How to vote like Hercules

Would we recognise Virtue if she stood for election?

11 April 2015

9:00 AM

11 April 2015

9:00 AM

To judge from elections, the purpose of politics is to win power by promising to make people better off. Plato, feeling this made the politician the equivalent of a procurer or pimp, argued that the purpose of politics was to make people not better off, but simply better — better humans, and therefore better able to run their own lives, as well as better citizens, able to make sound judgements about the qualities required to run a better state. In other words, politics had a high purpose — the moral good of the whole community, guaranteed by both citizens and their leaders driven by the same purpose.

In a famous allegory, the philosopher Prodicus (c. 465–395 bc) put the choice available to citizens, and by implication communities, in the starkest possible terms. The hero Heracles was setting out on life, and reflecting on which road to take: vice or virtue. Two women then appeared to him: the one clean-limbed, modest and sober, the other soft, plump, brazen and scantily clad. The latter offered him an irresponsible life of uncontrolled ease and pleasure, with no shortage of delightful food, drink, sights, sounds and lovers, dedicated to self-advantage and the effortless enjoyment of the fruits of others’ labours. Her enemies called her Kakia (Vice), she said, but her friends Eudaimonia (Happiness).

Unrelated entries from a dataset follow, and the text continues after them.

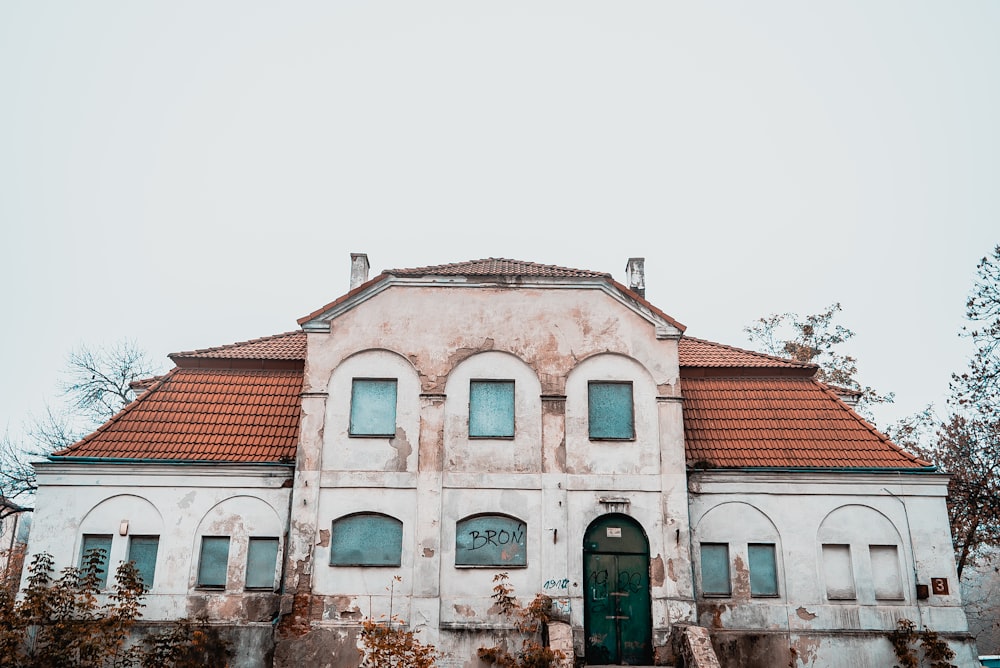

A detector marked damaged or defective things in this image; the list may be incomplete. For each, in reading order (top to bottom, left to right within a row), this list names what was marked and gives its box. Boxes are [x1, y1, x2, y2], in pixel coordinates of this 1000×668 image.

peeling plaster wall [25, 462, 292, 624]
peeling plaster wall [688, 472, 976, 664]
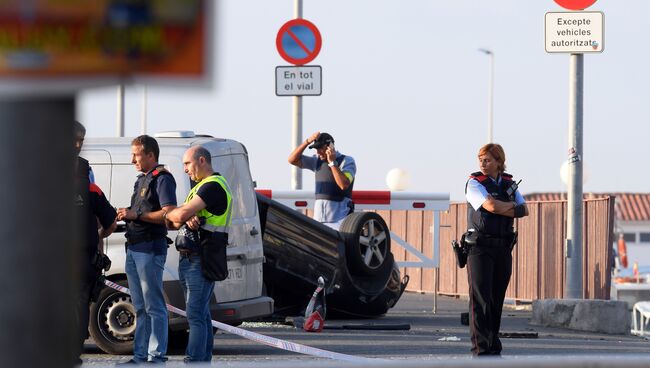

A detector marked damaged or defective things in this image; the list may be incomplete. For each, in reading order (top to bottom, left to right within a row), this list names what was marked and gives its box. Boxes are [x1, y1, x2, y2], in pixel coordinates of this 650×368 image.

overturned black car [256, 194, 408, 318]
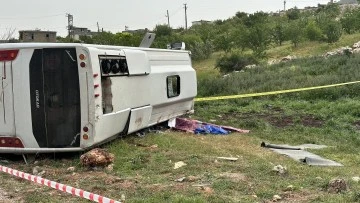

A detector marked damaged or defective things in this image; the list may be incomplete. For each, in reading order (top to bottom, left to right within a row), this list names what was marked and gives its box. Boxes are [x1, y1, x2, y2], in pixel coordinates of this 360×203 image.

overturned white bus [0, 43, 197, 154]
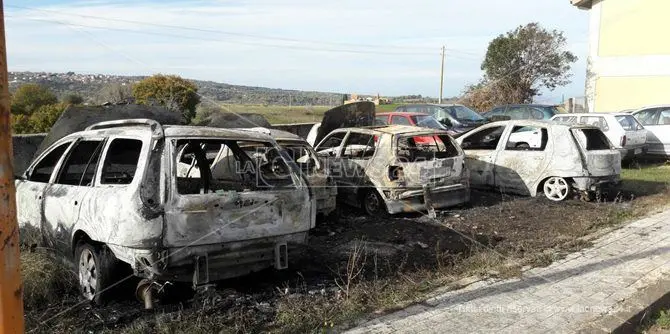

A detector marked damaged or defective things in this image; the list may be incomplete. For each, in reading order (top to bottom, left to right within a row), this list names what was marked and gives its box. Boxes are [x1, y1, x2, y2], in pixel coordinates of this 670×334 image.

burnt car hood [33, 104, 181, 159]
rusted car body [15, 119, 316, 302]
burnt white car [17, 119, 316, 302]
burnt car hood [197, 112, 272, 128]
burnt car interior [177, 139, 296, 196]
rusted car body [243, 126, 336, 215]
burnt car hood [316, 101, 378, 144]
burnt wheel [364, 189, 386, 215]
rusted car body [312, 124, 470, 215]
burnt white car [312, 124, 470, 215]
rusted car body [456, 120, 624, 201]
burnt white car [456, 121, 624, 202]
burnt wheel [76, 241, 118, 304]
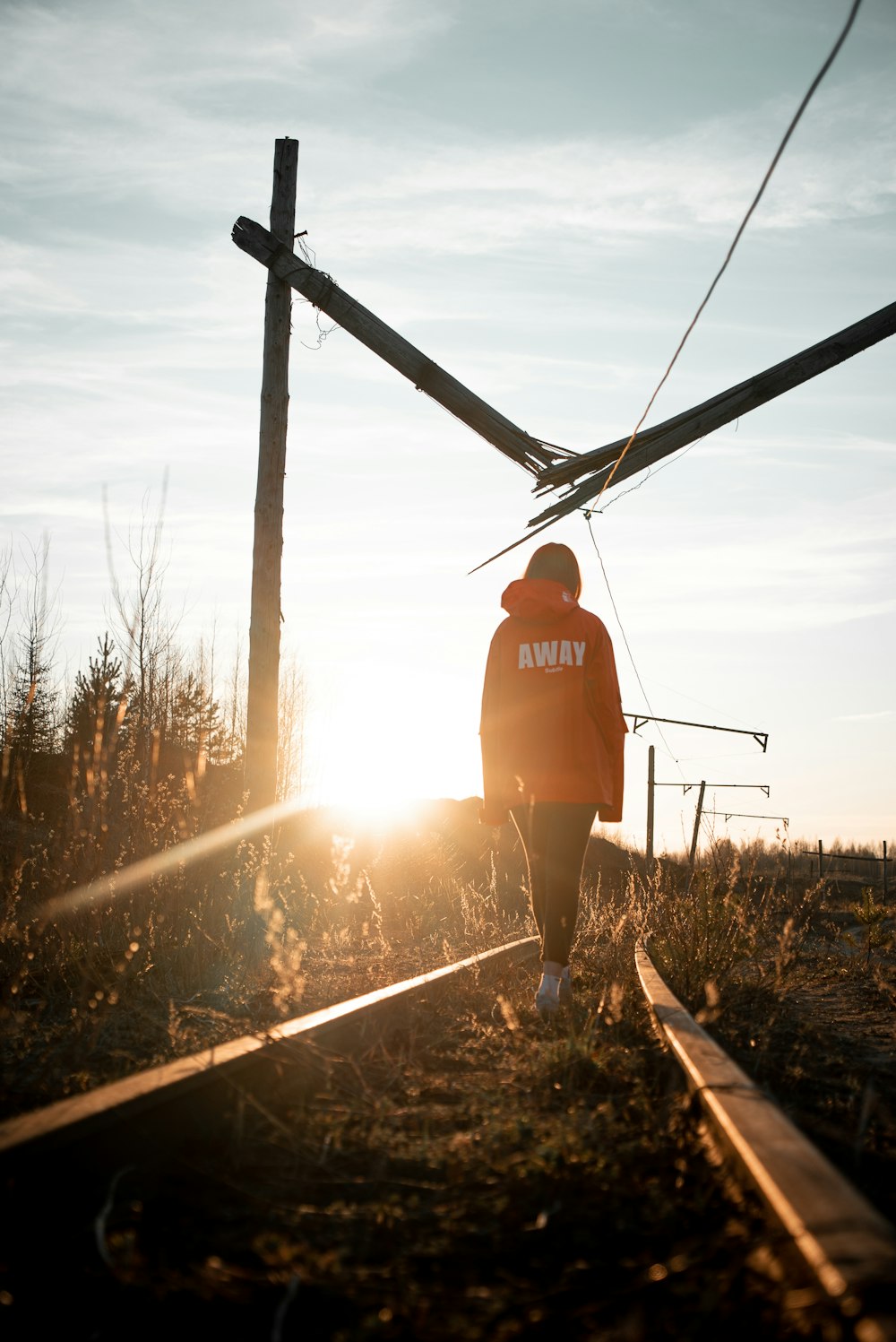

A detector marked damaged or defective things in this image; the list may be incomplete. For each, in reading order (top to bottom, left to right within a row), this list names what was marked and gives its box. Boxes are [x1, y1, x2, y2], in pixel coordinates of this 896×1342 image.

broken utility pole [244, 136, 299, 810]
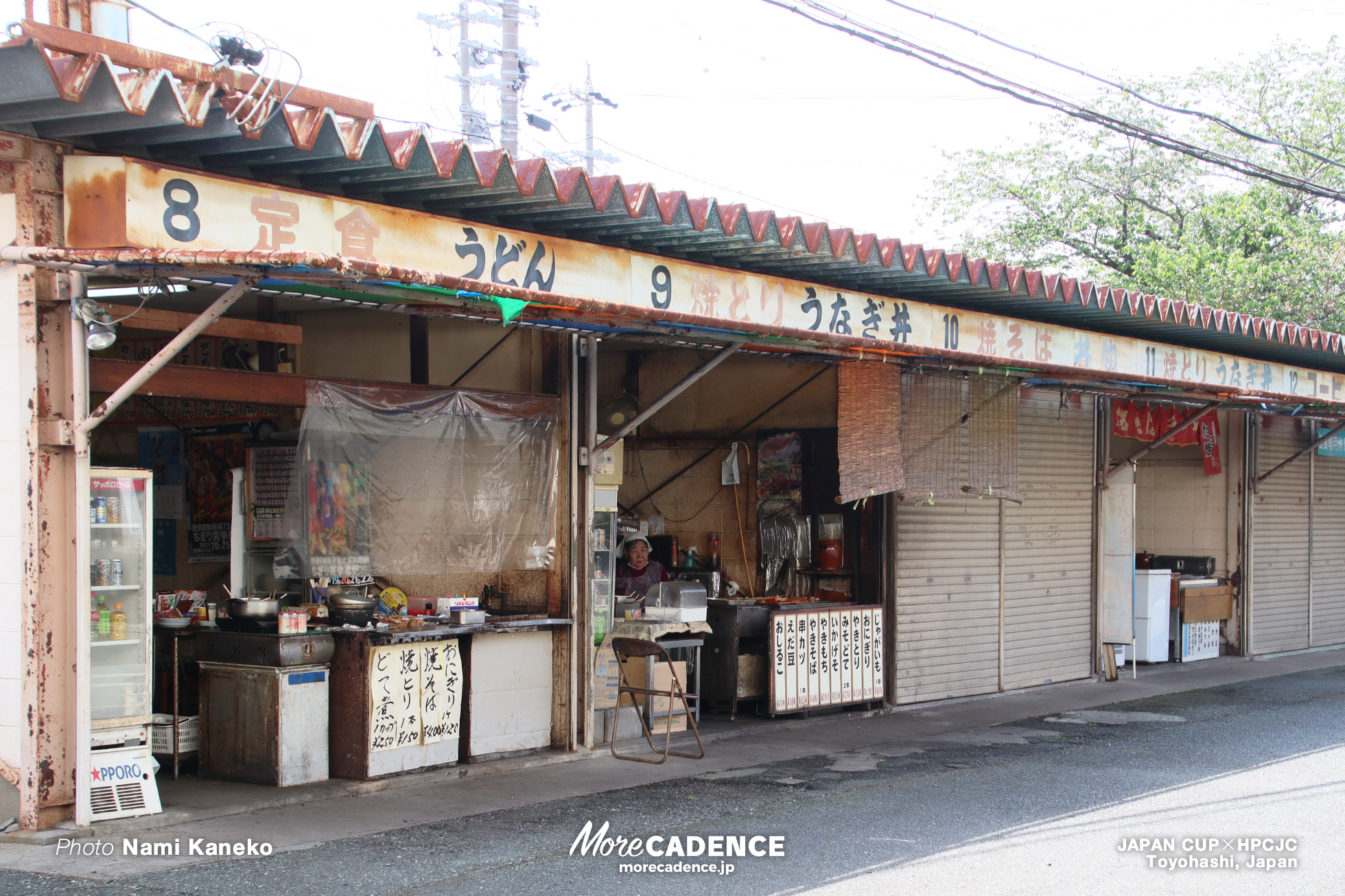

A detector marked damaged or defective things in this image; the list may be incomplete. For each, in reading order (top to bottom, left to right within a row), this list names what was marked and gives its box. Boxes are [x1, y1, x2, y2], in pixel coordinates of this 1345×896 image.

rusty metal beam [77, 276, 255, 433]
rusty metal beam [104, 300, 305, 342]
rusty metal beam [1103, 401, 1221, 479]
rusty metal beam [1248, 416, 1345, 482]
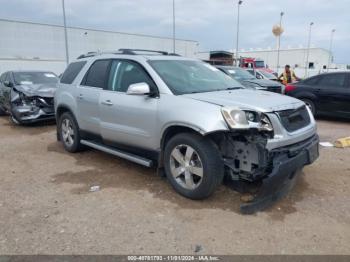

Aretê (Virtue) then spoke, offering Heracles nothing in the way of future ease but only the hard, self-disciplined toil needed by any honourable activity designed to bring benefits to Greece and win an admirable reputation. Kakia intervened: she would offer the short and easy route to happiness. Aretê rounded on her: all Kakia offered was fulfilment of desire — food, drink, sex, sleep — before any need for it, and an old age of squalor and disgrace. Aretê was the mark of the real man, loved by friends, honoured by country and celebrated for all time.

One wonders how a political programme centred on Aretê’s vision of the good life would even be framed today, let alone received. No ancient Greek would have dismissed it with sneers of ‘Goody Two-Shoes’.